Das Gezerre um die Zuständigkeiten zwischen Bund, Ländern und Kommunen bremst in vielen Fällen einen angemessenen Umgang mit den Menschen, die Zuflucht suchen, aus. Auch die Beschaffungslogistik stellt die Behörden vor Probleme. „Der Markt für Wohncontainer ist leergefegt, für sofort verfügbare Einheiten werden Mondpreise aufgerufen. Vor ein paar Wochen konnte man einen Sanitär-Container noch für 7000 Euro im Monat anmieten, heute sind dafür 30.000 Euro fällig“, sagt Andreas Wohland. Das Land habe es versäumt, eine bestimmte Anzahl von Feldbetten, Containern und Leichtbauhallen für Notfälle auf Lager zu legen.

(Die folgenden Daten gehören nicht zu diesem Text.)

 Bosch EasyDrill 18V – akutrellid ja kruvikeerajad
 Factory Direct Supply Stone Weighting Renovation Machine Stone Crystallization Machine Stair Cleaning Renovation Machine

Der Städte- und Gemeindebund geht davon aus, dass die geplanten zusätzlichen Kapazitäten „bei weitem nicht ausreichen“ werden. „Ich befürchte, dass wir auch wieder vermehrt Turnhallen belegen und Zeltstädte errichten müssen“, erklärt Wohland. Außerdem müssten die Ausländerbehörden technisch besser ausgestattet werden: „Wenn es in einer Großstadt wie Köln nur ein Registrierungsgerät gibt, zeigt das, wie groß der Aufholbedarf ist.“
In ihrer Not wenden sich viele Neuankömmlinge auch an den Kölner Flüchtlingsrat. „Bei uns ist der Teufel los“, sagt Geschäftsführer Claus-Ulrich Prölß. Das liege auch daran, dass die organisatorischen Abläufe lange ungeklärt gewesen seien beziehungsweise nicht funktioniert hätten. Aus dem Chaos bilde sich jetzt erst langsam eine Struktur heraus.

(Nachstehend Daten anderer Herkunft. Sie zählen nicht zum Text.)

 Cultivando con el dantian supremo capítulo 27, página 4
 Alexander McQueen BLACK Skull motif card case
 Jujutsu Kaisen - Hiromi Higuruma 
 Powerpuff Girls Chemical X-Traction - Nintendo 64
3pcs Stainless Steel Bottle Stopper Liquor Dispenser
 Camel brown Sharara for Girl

„Es war ein Fehler, Unterbringungsressourcen und Hilfsstrukturen seit 2016 abzubauen. Jetzt gibt es wieder große Reibungsverluste, weil viele Kommunen wieder bei Null anfangen müssen. Die Container, die damals bereitstanden, sind zum Teil verkauft oder verschrottet werden“, so Prölß.